Bone fragment reduction based on the use of “basic” and “reductionally fixing” supports and transosseous elements was discussed in previous chapters. Changes in the spatial location of the bone fragments in these settings are achieved by moving only the transosseous elements that fix the bone fragments; the external supports and the device modules remain immobile (Chaps. 1.5 and 2.2.2). The use of bent wires and/or wires with stops, “half-pin pullers,” and “half-pins pushers” is a classic approach in external fixation and, owing to its high efficacy, frequently employed for fracture repositioning.

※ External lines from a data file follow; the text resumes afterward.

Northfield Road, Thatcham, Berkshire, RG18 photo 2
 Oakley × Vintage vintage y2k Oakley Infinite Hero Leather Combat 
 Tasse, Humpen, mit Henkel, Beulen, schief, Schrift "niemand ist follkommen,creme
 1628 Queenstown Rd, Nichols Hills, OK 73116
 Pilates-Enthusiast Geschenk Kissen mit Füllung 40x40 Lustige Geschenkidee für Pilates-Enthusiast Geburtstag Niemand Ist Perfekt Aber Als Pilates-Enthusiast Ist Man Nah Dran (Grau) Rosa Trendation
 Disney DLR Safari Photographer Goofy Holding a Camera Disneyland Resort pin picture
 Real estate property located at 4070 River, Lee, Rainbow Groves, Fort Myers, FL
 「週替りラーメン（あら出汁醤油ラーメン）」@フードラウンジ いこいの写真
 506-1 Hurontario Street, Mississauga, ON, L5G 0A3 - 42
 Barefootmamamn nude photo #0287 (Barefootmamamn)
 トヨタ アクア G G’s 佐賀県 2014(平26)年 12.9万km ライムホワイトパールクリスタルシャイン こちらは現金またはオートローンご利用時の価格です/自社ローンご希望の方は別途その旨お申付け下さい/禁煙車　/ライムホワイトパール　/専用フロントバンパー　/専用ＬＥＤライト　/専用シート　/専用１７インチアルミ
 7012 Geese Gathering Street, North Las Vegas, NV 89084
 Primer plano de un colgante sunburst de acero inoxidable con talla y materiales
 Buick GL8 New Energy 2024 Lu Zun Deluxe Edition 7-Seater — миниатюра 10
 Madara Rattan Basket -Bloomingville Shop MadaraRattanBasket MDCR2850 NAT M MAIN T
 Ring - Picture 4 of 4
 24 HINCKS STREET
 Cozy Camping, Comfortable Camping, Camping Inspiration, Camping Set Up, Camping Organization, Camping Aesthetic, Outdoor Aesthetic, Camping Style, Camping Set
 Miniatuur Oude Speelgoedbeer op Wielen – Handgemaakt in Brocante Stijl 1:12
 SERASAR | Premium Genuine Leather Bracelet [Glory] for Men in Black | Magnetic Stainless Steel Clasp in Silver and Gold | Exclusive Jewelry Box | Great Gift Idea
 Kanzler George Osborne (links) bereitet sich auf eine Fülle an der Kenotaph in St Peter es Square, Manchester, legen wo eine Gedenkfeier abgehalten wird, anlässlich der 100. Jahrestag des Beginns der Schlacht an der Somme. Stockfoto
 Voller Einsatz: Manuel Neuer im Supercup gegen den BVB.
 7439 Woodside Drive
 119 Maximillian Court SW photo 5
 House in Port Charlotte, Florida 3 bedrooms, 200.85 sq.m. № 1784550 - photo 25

The methods used to change the spatial orientation of bone fragments by moving the transosseous modules are described in detail in Chaps. 2.2.1 and 16 (Figs. 2.4, 2.5, 2.6, 2.7, 2.8, and 2.9). An orthopedic surgeon should stably fix the proximal and distal bone fragments. The proximal and distal transosseous modules are then connected with the aid of a unified reduction unit appropriate for the elimination of a transverse translation, angle translation, or torsion ­translation. Multi-component displacement reduction units should be replaced. This method is difficult and demands an experienced specialist for its execution. For this reason we recommend that, at least initially, fractures, including open fractures, should be treated with reduction and fixation “inside a frame” (Chap. 2.2.2). However, the configuration of a reduction device based on mutual displacement of the modules (Chap. 2.2.1 and 2.8) is in most cases less bulky. Moreover, this approach to bone fragment reduction is advantageous in acute shortening, acute angulation, acute rotation, and the combination thereof.

It is possible to solve this contradiction using external fixation devices based on universal reduction units, for example the Oganesjan and Shevtsov-Matsukidis devices [233] (Fig. 14.23). The disadvantages of these frames are their limitations in achieving osteosynthesis of the proximal parts of the humerus and femur and the necessity of repeated radiological control at all stages of the reduction.

Fig. 14.23
figure 23

External fixation devices with universal reduction units. (a) The Oganesyan device and (b) the Matsukidis-Shevtsov device

External fixation devices controlled by computer navigation, so-called hexapod devices (Fig. 1.2 p–r), including the Ortho-SUV Frame (Chap. 17), solve this problem at a ­qualitative level. Figure 14.24 shows the use of the Ortho-SUV Frame in the treatment of a patient with a complex atypical position of the bone fragments.

Fig. 14.24
figure 24figure 24

Use of the Ortho-SUV Frame in the treatment of an open fracture of the lower leg. (a, b) Acute rotation  +  angulation  +  translation provide optimal conditions for soft-tissue healing (c, d) All components of the purposely created deformity are eliminated using the “integrated” trajectory, omitting the need for the stage-by-stage replacement of Ilizarov reduction units

6 Conclusion

The severe general condition of the patient with a complex high-energy injury often results in extensive tissue loss and thus a high rate of complications. In these patients, an early multi-surgery approach cannot be reconciled with the basic principles of damage control. Instead, a staged treatment protocol based on minimally invasive methods and performed according to damage control principles will enable the preservation and functional restoration even of limbs at risk. The Ilizarov method provides rapid and minimally invasive stabilization regardless of the fracture configuration. Moreover, unlike methods of internal fracture fixation, the Ilizarov device allows, if necessary, the gradual elimination of bone fragment displacement, while stabilizing the fixation and creating the conditions for the repair of extensive bone and soft-tissue defects.